Jailed Pussy Riot members confirm protest remains the priority

By | Published on Friday 28 March 2014

Pussy Riot

Nadezhda Tolokonnikova and Maria Alyokhina, the two members of Russian punk protest group Pussy Riot who were jailed after a performance in a Moscow church in 2012, have told Estonian music convention Tallinn Music Week that they’ve had plenty of offers to tour as a group, but that they have declined, stressing that their objective remains political protest, with their creative output basically a means to an end. Tolokonnikova and Alyokhina for certain don’t currently have any more conventional ambitions in the music space.

“We started our band when it became clear that the people in power in Russia were moving to ensure Vladimir Putin got a third term in office”, Tolokonnikova explained. “We could see that the government was increasingly targeting its opponents. I saw it first hand – a guy I studied with was sent to prison for a year over political matters.

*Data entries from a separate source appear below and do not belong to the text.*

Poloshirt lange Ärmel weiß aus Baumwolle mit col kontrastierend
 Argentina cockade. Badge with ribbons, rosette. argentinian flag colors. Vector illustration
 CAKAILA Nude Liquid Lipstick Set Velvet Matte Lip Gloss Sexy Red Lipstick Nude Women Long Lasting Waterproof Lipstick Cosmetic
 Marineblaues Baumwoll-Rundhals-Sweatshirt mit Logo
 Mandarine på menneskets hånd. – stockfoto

So we formed the band to support these political prisoners, and to try and start an alternative discourse”.

“Our mission remains staging protest performances, often in illegal spaces”, she went on, confirming that, for her at least, the political protest came first and the music second, it being a medium for the desired ‘alternative discourse’. “A conventional music career is not of interest to us”, she said.

Joining Tolokonnikova and Alyokhina on the TMW panel was Russian promoter and journalist Artemyi Trotisky, who tackled the question of why – when so many high profile Western artists quickly spoke out in support of Pussy Riot after their arrest and during their trial – the Russian music community showed a lot less solidarity.

That protest came first for Pussy Riot was a big part of it, Trotisky noted. “I think Russian musicians didn’t consider these girls as their colleagues, unlike their Western counterparts”, he said. “They tended to hone in on Pussy Riot’s musicianship – and took offence that this group didn’t care so much about playing good guitar, that it didn’t matter if the singing was out of tune – so this was a protest group rather than a band”.

Which in essence it was, of course, though the power of the message, and the creative and contentious way in which it was delivered through song and performance nevertheless appealed to artists outside Russia.

“The Russian rock community is generally very quiet on political issues”, he continued. “Though that might now be starting to change. But I think any failure to speak out in support of Nadezhda and Maria in 2012 was mainly down to fear – which is something rock stars don’t like to admit to – and also a little jealously, that this group was getting so much worldwide attention by using music as protest, rather than making music for the sake of it”.